How to install and run a Jupyter notebook in a Cloud Dataproc cluster

This tutorial shows the steps to install and run a Jupyter notebook on a Cloud Dataproc cluster. The initialization action used in this tutorial will install and configure Jupyter and the PySpark kernel.

Before you begin

If you haven't already done so, create a Google Cloud Platform project and a Google Cloud Storage bucket.

Set up your project

  1. Sign in to your Google account.

    If you don't already have one, sign up for a new account.

  2. Select or create a Cloud Platform project.

    Go to the Projects page

  3. Enable billing for your project.

    Enable billing

  4. Enable the Cloud Dataproc,Google Compute Engine APIs.

    Enable the APIs

  5. Install and initialize the Cloud SDK.

Create a Cloud Storage bucket in your project

  1. In the Cloud Platform Console, go to the Cloud Storage browser.

    Go to the Cloud Storage browser

  2. Click Create bucket.
  3. In the Create bucket dialog, specify the following attributes:
  4. Click Create.

Overview

This tutorial demonstrates the use of the Cloud SDK gcloud dataproc clusters create command to create a cluster and run a Jupyter notebook initialization script on the cluster.

The following --help command shows how to specify an initialization script to pass to the Cloud SDK gcloud dataproc clusters create command.
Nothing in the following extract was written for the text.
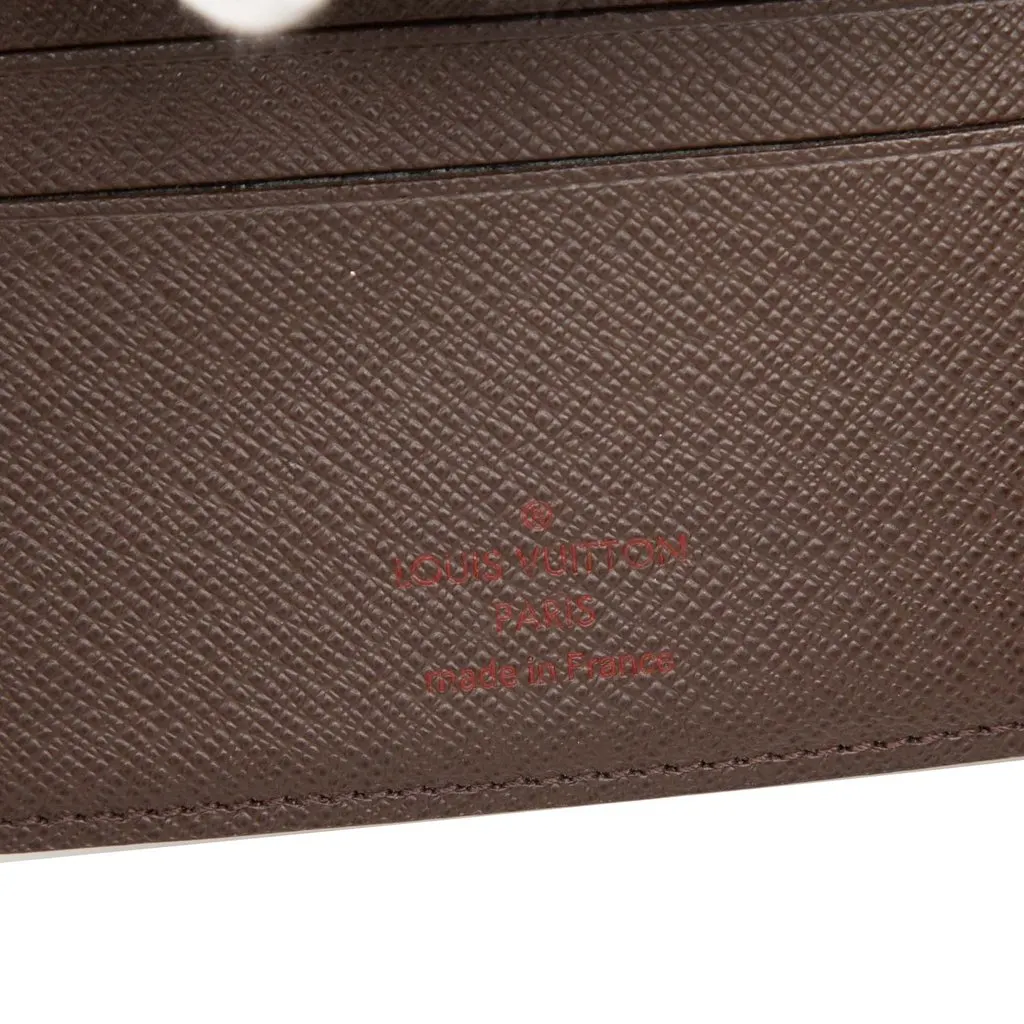 Louis Vuitton Damier Ebene Slender Wallet Brown Very good - Box View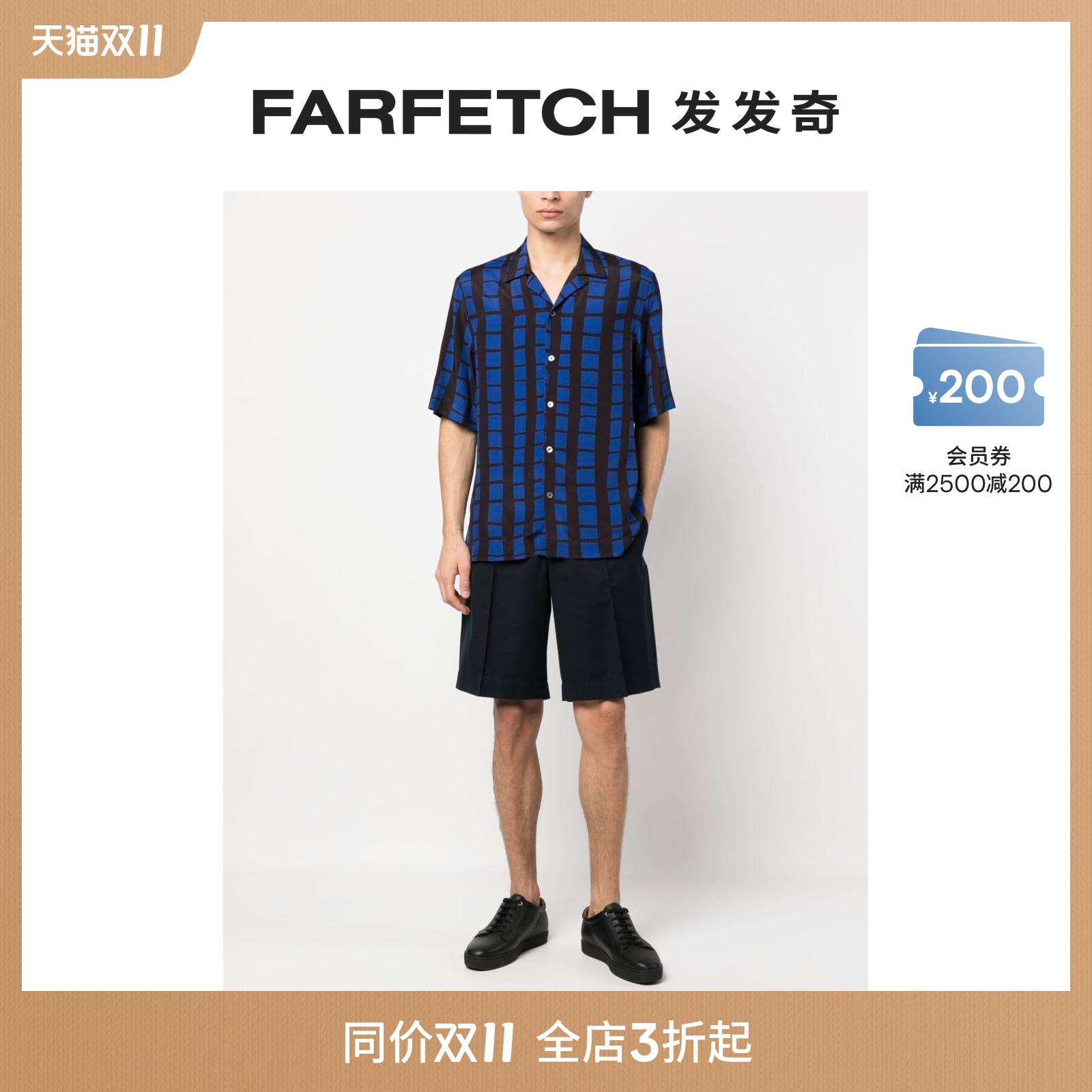 Paul Smith男士印花短袖衬衫FARFETCH发发奇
gcloud dataproc clusters create --help
...
SYNOPSIS
    gcloud dataproc clusters create NAME [--bucket BUCKET]
        ...
        [--initialization-action-timeout TIMEOUT; default="10m"]
        [--initialization-actions CLOUD_STORAGE_URI,[CLOUD_STORAGE_URI,...]]

The --initialization-actions flag specifies the location(s) in Google Cloud Storage where the initialization scripts and/or executables are located (see Initialization actions for more information on this Cloud Dataproc feature).

This tutorial uses a bash shell initialization script that has been uploaded to Cloud Storage at gs://dataproc-initialization-actions/jupyter/jupyter.sh. This script and other initialization scripts are co-located at the GitHub GoogleCloudPlatform/dataproc-initialization-actions repository repository.

#!/usr/bin/env bash
set -e

ROLE=$(curl -f -s -H Metadata-Flavor:Google http://metadata/computeMetadata/v1/instance/attributes/dataproc-role)
INIT_ACTIONS_REPO=$(curl -f -s -H Metadata-Flavor:Google http://metadata/computeMetadata/v1/instance/attributes/INIT_ACTIONS_REPO || true)
INIT_ACTIONS_REPO="${INIT_ACTIONS_REPO:-https://github.com/GoogleCloudPlatform/dataproc-initialization-actions.git}"
INIT_ACTIONS_BRANCH=$(curl -f -s -H Metadata-Flavor:Google http://metadata/computeMetadata/v1/instance/attributes/INIT_ACTIONS_BRANCH || true)
INIT_ACTIONS_BRANCH="${INIT_ACTIONS_BRANCH:-master}"
DATAPROC_BUCKET=$(curl -f -s -H Metadata-Flavor:Google http://metadata/computeMetadata/v1/instance/attributes/dataproc-bucket)

JUPYTER_CONDA_PACKAGES=$(curl -f -s -H Metadata-Flavor:Google http://metadata/computeMetadata/v1/instance/attributes/JUPYTER_CONDA_PACKAGES || true)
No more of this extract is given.